Throughout the pre-clerkship phase of the curriculum, a longitudinal series of ultrasound laboratories are embedded in the foundational and organ-based modules of the curriculum. The anatomy teaching faculty join members of the Department of Emergency Medicine and the Department of Radiology in teaching these hands-on small group laboratory sessions, which are mostly taught in the UAMS Clinical Skills Center with its staff of standardized patients.
Radiologists and interventional radiologists meet with students weekly to discuss clinical cases. Dr. Kevin Wong in the Department of Radiology serves as the module’s Clinical Co-Director. Moreover, numerous pathology faculty and residents volunteer to help students identify grossly visible lesions in the dissection laboratory and assist with the collection of biopsy specimens and the microscopic analysis of these specimens. This interdisciplinary and multifaced approach to dissection is documented by student team generated abstracts and presentations at a research conference held on the final day of the course.

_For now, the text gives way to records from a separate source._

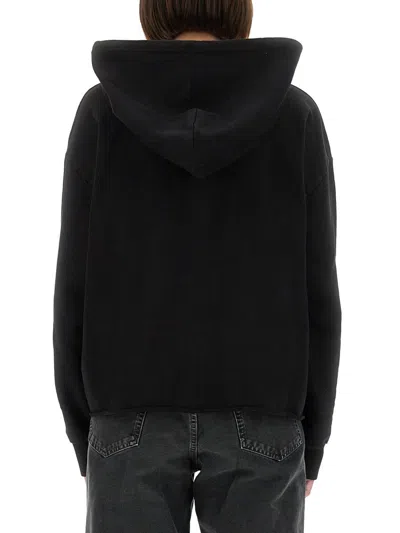 Mm6 Maison Margiela Mm6 By Maison Margiela Relaxed-fit Cotton Hoodie With Adjustable Drawstring In Blue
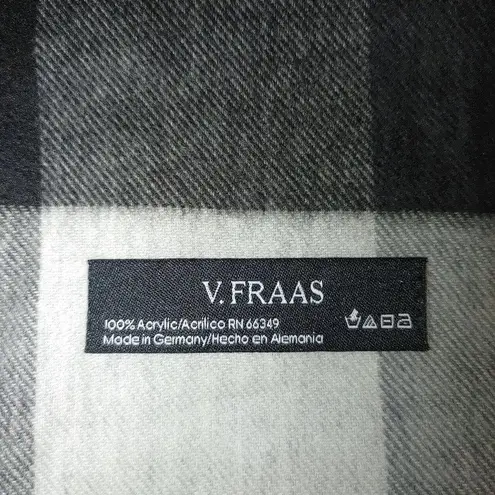 V. Fraas Checkered Scarf Black White Acrylic Germany Womens Fringe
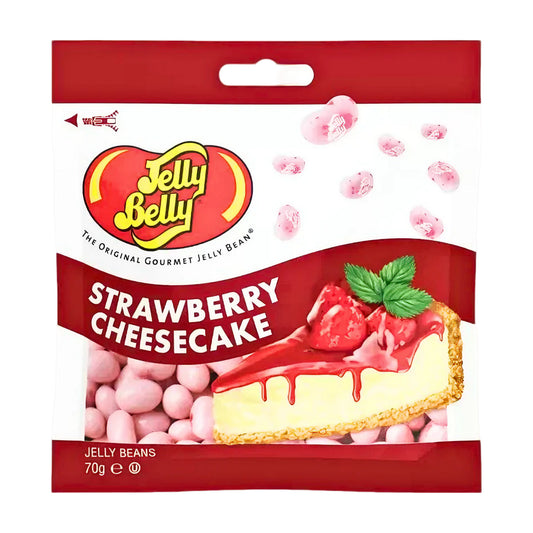 Jelly Belly Beans sabor cheesecake de morango embalagem colorida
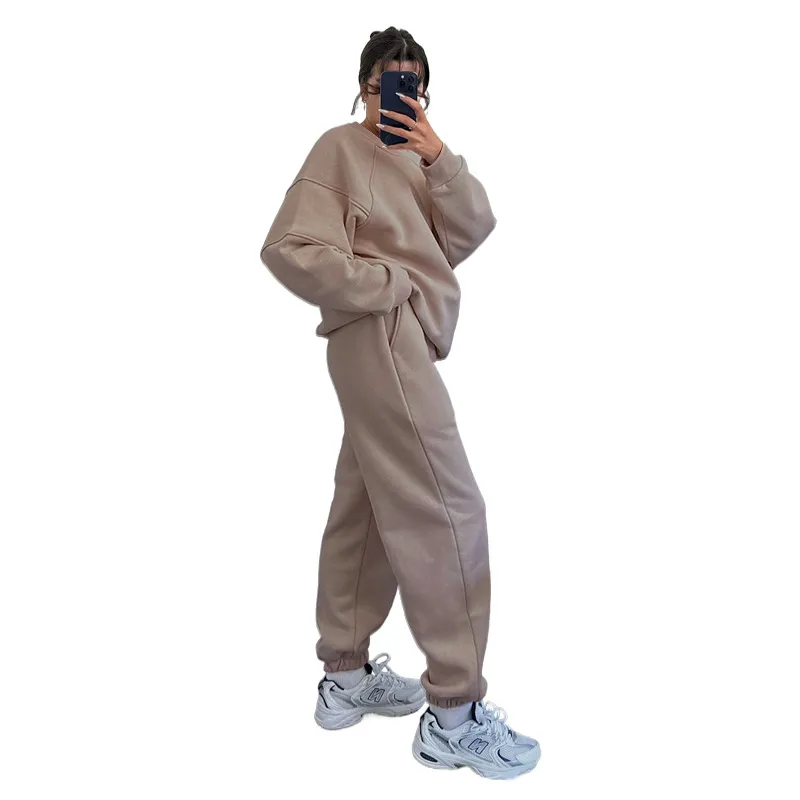 Solid Colour Round Neck Long Sleeve Sweatshirt Women's Fashion Casual Loose Pants Suit - Khaki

The Human Structure faculty embrace core institutional values: integrity, respect, diversity, teamwork, creativity, and excellence. Since 1999, students have annually organized a memorial service to honor the unique contributions that anatomical donors make to their education. Furthermore, the anatomy teaching complex includes a memorial gallery of artwork presented by the class.
Note Concerning the 2021 Fall Semester
Due to our state-of-the-art laboratory facilities, contemporary technology, and an instructional team with deep experience, the Human Structure course is able to provide high quality and flexible educational experiences despite challenging circumstances presented during the COVID-19 pandemic.
The Human Structure course plans to implement a modified schedule with partial return to in-person class and laboratory activities in August 2021. Broadly, students will be assigned to eight-member teams. Half of each team (i.e. four students) will work in the laboratory on campus on Mondays and Wednesdays, and the other half will work on Tuesdays and Thursdays. A benefit of this strategy is that it provides continuing opportunities for peer to peer learning, which expands perspectives and encourages meaningful connections.
For laboratory activities, students will be provided surgical/procedure face masks, goggles, and gloves. Hand sanitization stations are positioned at the doors to the laboratory and locker rooms.